Keywords

1 Introduction

Nowadays, more and more digital instrumentation and control (I&C) systems are adopted by nuclear power plants (NPPs). Especially safety-critical digital protection system is used as critical safeguard against the severe accidents like reactor core damage, release of radioactive materials and etc. It is the software that realizes control functions executed by CPU, which malfunction may give wrong action and endanger the nuclear power plants. Therefore, software reliability for digital I&C systems is critical to the safety of NPPs. Different from the stochastic failure of analog I&C systems, software failure may be caused by systematic design fault, human error and tools failure. Some traditional analog system (hardware) reliability analysis methods are not applicable to software. Software reliability qualitative analysis and quantitative analysis methods are still in discussion. The consensus amongst the world’s experts is that rigid lifecycle quality management, and verification and validation (V&V) are the most effective ways to improve the software reliability presently. With the further research on safety-critical software used for NPPs, the quality of V&V has become key concern of the safety regulatory authorities around the world.
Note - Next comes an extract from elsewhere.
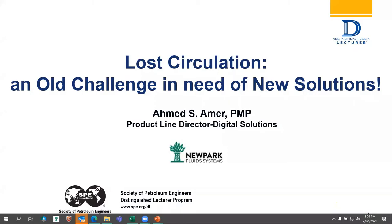Okay, five minutes have elapsed. I think we will start. Greetings everyone. Thank you for joining us today. On behalf of SPE University of Boumerdes Student Chapter, I welcome you all.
According to the requirements of nuclear safety regulations and related standards, some mandatory software V&V activities through life cycle phases are defined for the different safety-graded software explicitly [1,2,3,4]. For safety-critical software, the required scope, intensity and degree of rigor associated with the V&V activities and tasks are the highest among all graded I&C systems. It should be mentioned that traceability analysis is the most basic one for safety-critical software and I&C systems and affects the quality of other V&V activities directly. Traceability analysis is also required by EUR [5]. It is used to confirm implementation and validation of requirements, where neither any extra function is allowed, nor is any necessary function missed. The quality of traceability analysis depends on the granularity of itemized I&C function requirements. The finer granularity of itemized I&C function requirements is, the easier it is to find the potential software failure, and the higher quality the traceability analysis gets. However, it also means heavier burden of V&V activity. Therefore how to effectively itemize I&C functions is an important question.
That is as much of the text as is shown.